**Your assignment**: Look through the listing below and write out exactly the lines from the line with "آناتومی دست. رادیوگرافی رخ کف دست" to the line with "Immunohistochemical staining of", both included, and no others.

**Provided data**:

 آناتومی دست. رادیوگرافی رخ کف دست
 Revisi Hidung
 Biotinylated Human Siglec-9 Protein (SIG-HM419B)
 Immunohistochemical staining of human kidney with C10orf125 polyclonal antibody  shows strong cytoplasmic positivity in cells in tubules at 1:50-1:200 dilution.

---

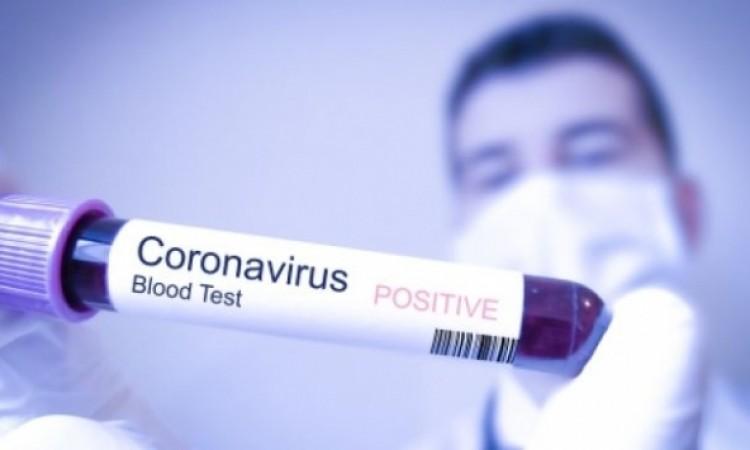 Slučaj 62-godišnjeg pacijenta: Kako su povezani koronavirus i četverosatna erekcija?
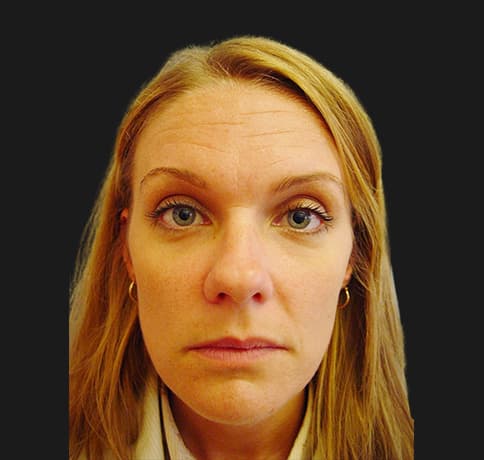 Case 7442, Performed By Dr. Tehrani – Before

**Reply to the task**:
 آناتومی دست. رادیوگرافی رخ کف دست
 Revisi Hidung
 Biotinylated Human Siglec-9 Protein (SIG-HM419B)
 Immunohistochemical staining of human kidney with C10orf125 polyclonal antibody  shows strong cytoplasmic positivity in cells in tubules at 1:50-1:200 dilution.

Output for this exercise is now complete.